Meitner was born to an upper-class Jewish family in 1878 in Vienna, Austria, the third of eight children for Philipp and Hedwig Meitner. Her father was one of the first Jewish lawyers to practice in Austria. Meitner and all her siblings pursued advanced educations and were brought up with the open liberal spirit of their father. At the time, women were prohibited from higher education in Austria until 1897. Lise was a curious and enthusiastic young woman who joined the University of Vienna in 1901. She became the second woman to earn a doctorate in physics at the university in 1906.

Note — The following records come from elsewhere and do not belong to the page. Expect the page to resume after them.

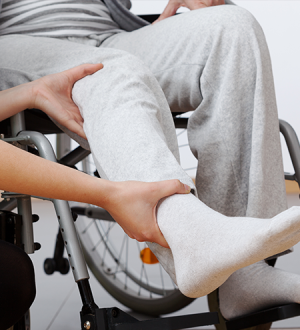 A person in a wheelchair is being helped by another person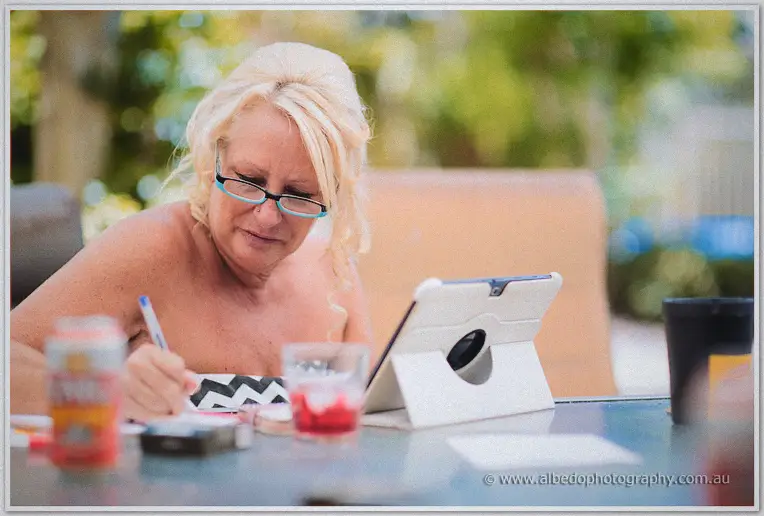 A blonde wedding guest in reading glasses writes notes beside an iPad on an outdoor table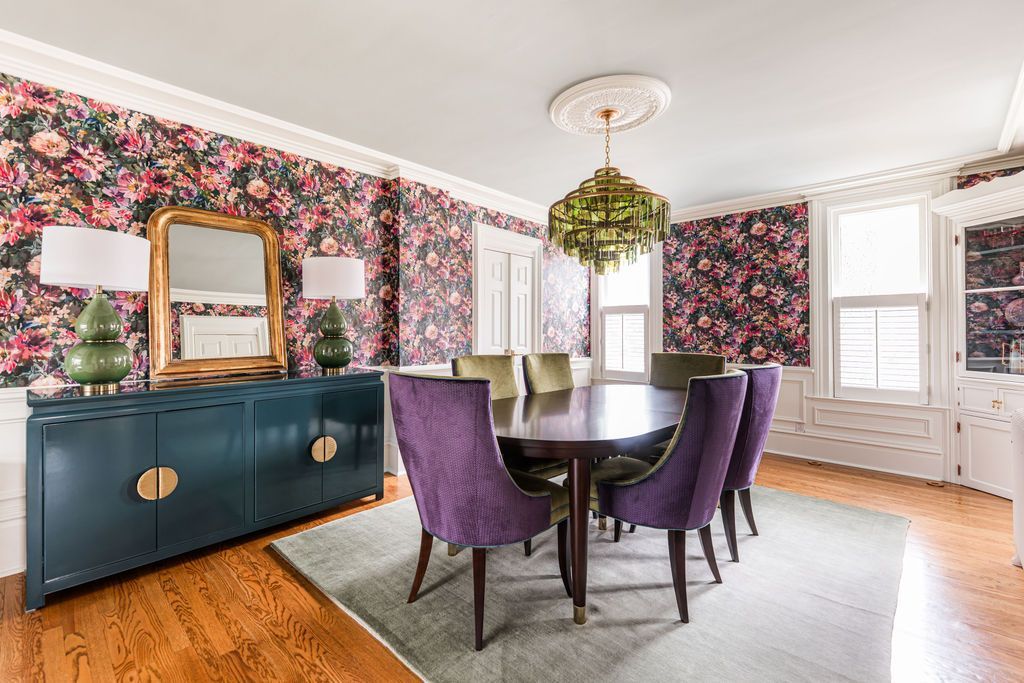 Dining room with floral wallpaper, purple chairs, teal sideboard, and green chandelier.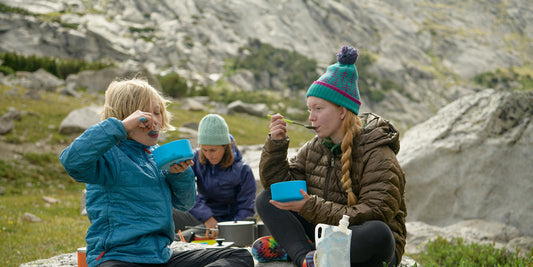 Family eating at camp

Lise then moved to Friedrich Wilhelm University in Berlin where she attended the lectures of famed German physicist Max Planck. Here she also began her lifelong collaboration and friendship with chemist Otto Hahn. As women were not allowed to work in higher education in Prussia, Meitner only had access to the basement laboratory through a back door and was forced to use the restrooms in a nearby restaurant as she could not enter the institution. Her early work with Hahn focused on the physical separation of neutrons from elements, the discovery of several isotopes, and understanding the resulting energy release, known as beta-radiation. In 1921, Meitner and Hahn moved to the newly founded Kaiser Wilhelm Institute (KWI) for Chemistry where they continued their work on nuclear isomerism and radioactive decay. Meitner had to work unpaid at first. That was until Max Planck, who notoriously opposed the education of women, took a keen interest in Meitner and hired her as his assistant, which entitled her to a salary. Her research was interrupted during the First World War when Hahn was called to active duty in the army. During that time she worked as an x-ray nurse technician back in Austria. Upon her return to Berlin, she again pursued her research, mostly alone as all the men were still at war. She worked on the beta-radiation spectrum and discovered a new element, the mother isotope of actinium – protactinium 231 (231Pa).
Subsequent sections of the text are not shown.